The father of six says whether a painter, sculptor, designer or any other artist, people must progress step by step and believe that they “can be something big”.

“In my art centre, we have a small staff but we are building a giant mind and I believe that artists should help each other. Before we felt small – when people said ‘Picasso’ or ‘Dali’, we covered our ears. But, I believe that as Emirati artists, we can now put our stamp on the history of art.”

Do you have any favourite artists?

I don’t differentiate. I enjoy all art and I enjoy seeing everything. At the same time I know what is the top art, the middle art and what is the garbage art.

What is your biggest artistic inspiration?

I always use the orbit of art – there are different things around you and you can touch them and bring them to life.

What kinds of images inspire you?

Do you know flamenco? When you see the way the woman holds the castanets, her face, the way she covers her body, the way she moves is like a painting.

How do these images feed into your art?

The way the mother supports her family and how the father does his job, when you see our sheikhs like Sheikh Zayed do many things to build our country for the future – these are all paintings and this is our gallery for me. Not the painting, not Picasso, not Dali. The world is my gallery.

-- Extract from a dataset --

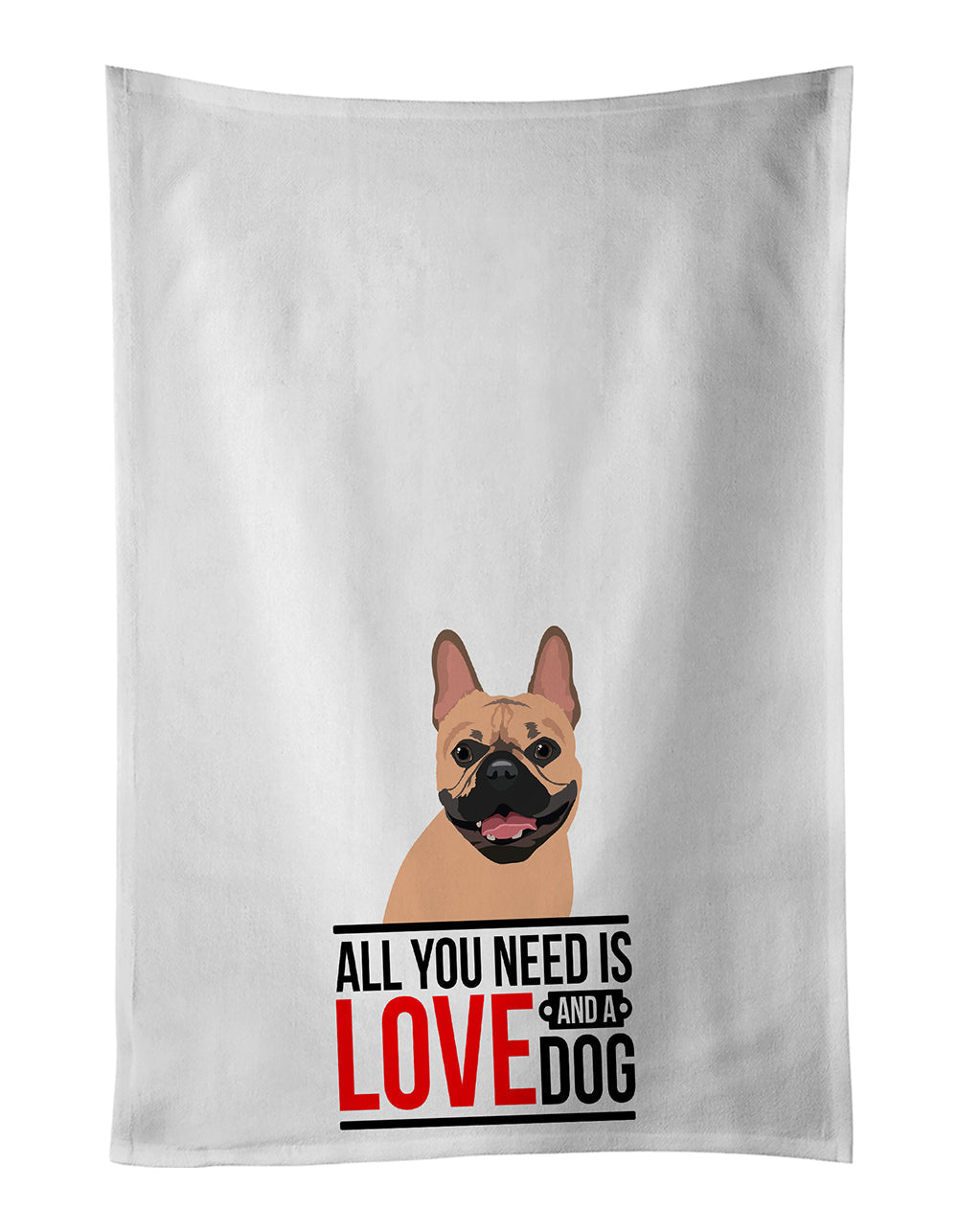 French Bulldog Fawn #2  Kitchen Towel Set of 2 White Dish Towels Decorative Bathroom Hand towel for Hand, Face, Hair, Yoga, Tea, Dishcloth, 19 X 28", White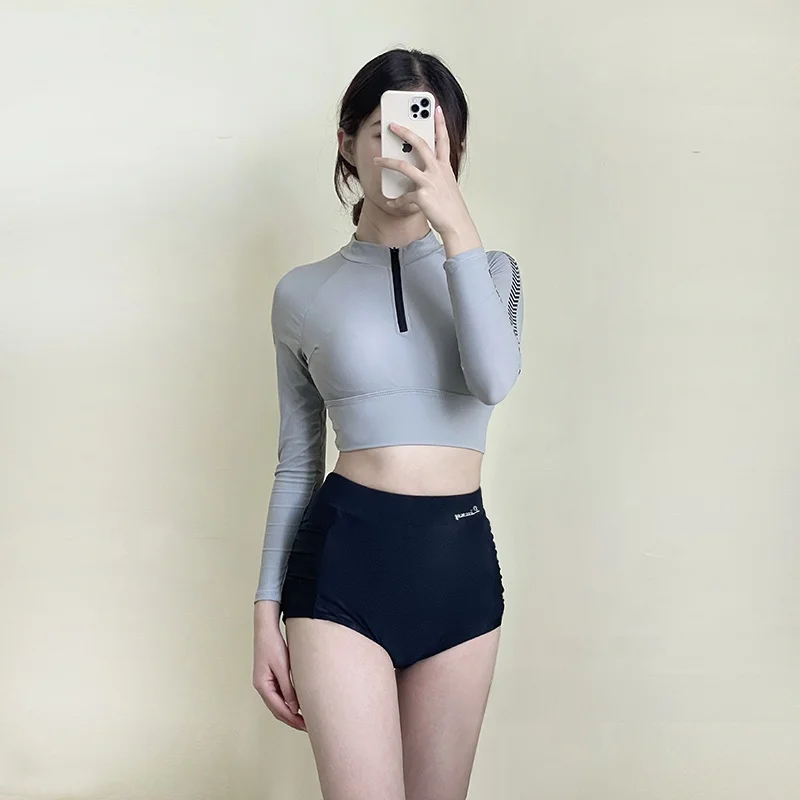 

Купальник с высокой талией для йоги и дайвинга, сексуальный, стройнящий, для студенток, с длинным рукавом, термокомфортный, для отпуска и курортного отдыха, скрывающий живот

How important has your gallery been for your art?

How can you wait for a train without a station? I needed the train to come here, but first I had to build the rail for the train – so it could come to my station.

What were some of the biggest hurdles you faced as a young Emirati artist in the 1980s and 1990s?

The government was not ready to support us; life did not support the arts. Where would you find the information? Who would guide you? Who would mentor you? There were no spaces for exhibitions, there were no dealings with artists directly and there were no maps of the arts, like there are now.

How did you overcome the odds?

When we face big walls, we need to break the walls – or jump over them. Maybe everyone takes shortcuts, but I took the long way.

How much have things changed?

We guide the arts everywhere in the world now – the new generation has a big chance to do something.

Does it become hard to challenge yourself as you grow older?

I always try to raise my level upwards and not go down. I am always hiking, for example – this is my challenge. And in my work, I put down some names of old artists I need to reach and surpass.

What sort of competition is good competition?

It is between me and myself. Others are my friends and we learn from each other but there is good competition, not bad competition. White competition – you move safely near him and you go past. Not, when you reach them you fight them because you don’t believe in them and they don’t believe in you. We are friends, we are brothers and we cannot kick each other.